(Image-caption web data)
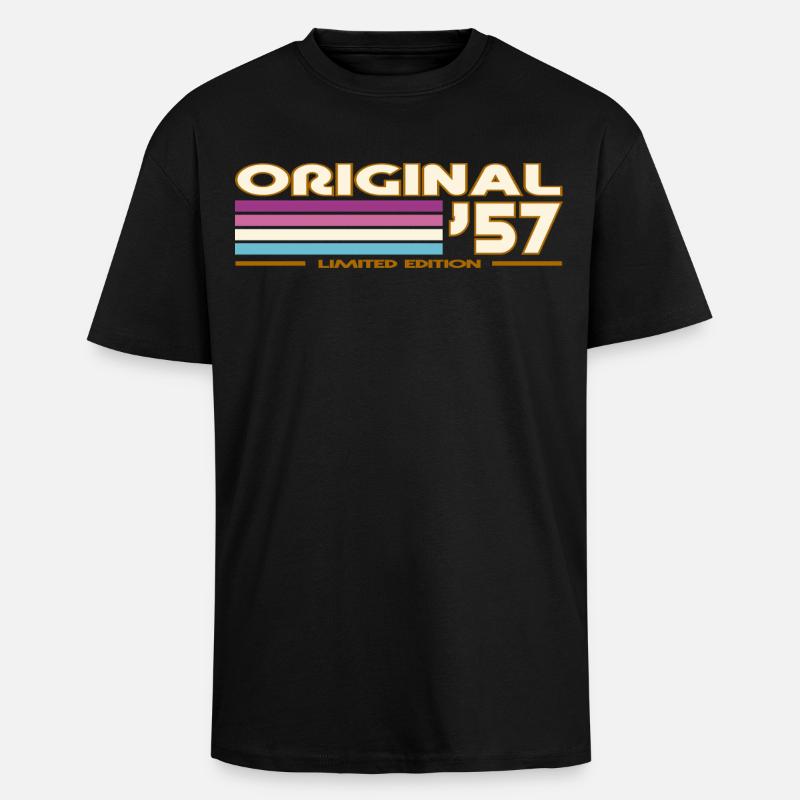 1957 - Oversized Heavyweight Unisex T-Shirt - Schwarz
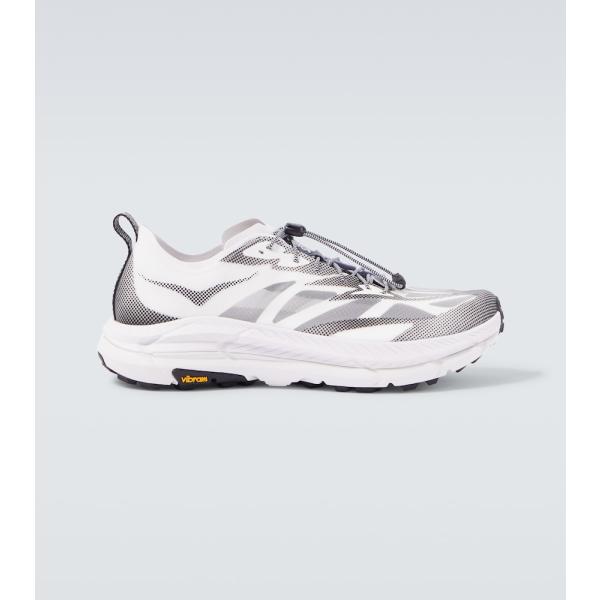 Sneakers homme blanc neige à bout rond Hoka One One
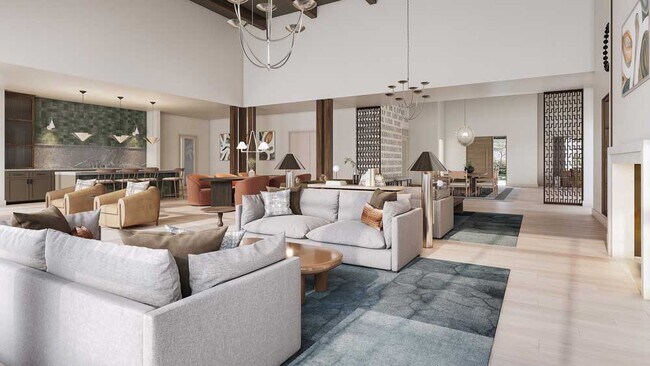 Residencias en el interior de la casa club de Pearsall Park - Residences at Pearsall Park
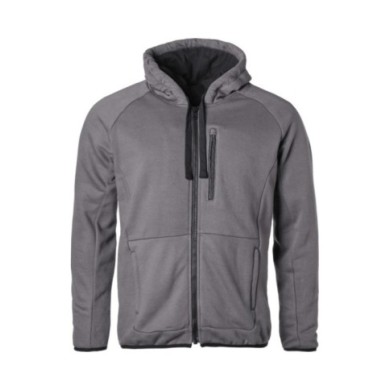 gms Hoodie Aras Zip grau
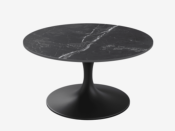 TABLE BASSE DIABOLO CERAMIQUE MARBRE MARQUINA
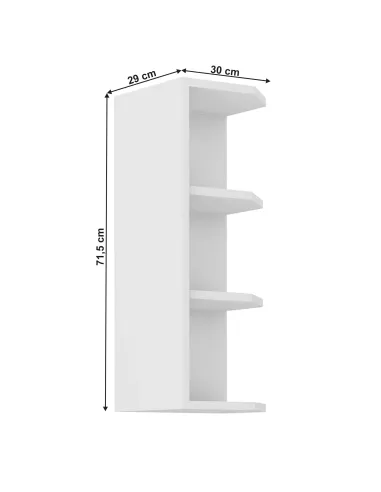 Dulap superior LULA, bucătărie/baie, 30x29x71.5 cm, PAL melaminat | MobilaOK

◆ Aim of the task ◆
Images aside, return each entry above precisely as it stands.

◆ Output ◆
 1957 - Oversized Heavyweight Unisex T-Shirt - Schwarz
 Sneakers homme blanc neige à bout rond Hoka One One
 Residencias en el interior de la casa club de Pearsall Park - Residences at Pearsall Park
 gms Hoodie Aras Zip grau
 TABLE BASSE DIABOLO CERAMIQUE MARBRE MARQUINA
 Dulap superior LULA, bucătărie/baie, 30x29x71.5 cm, PAL melaminat | MobilaOK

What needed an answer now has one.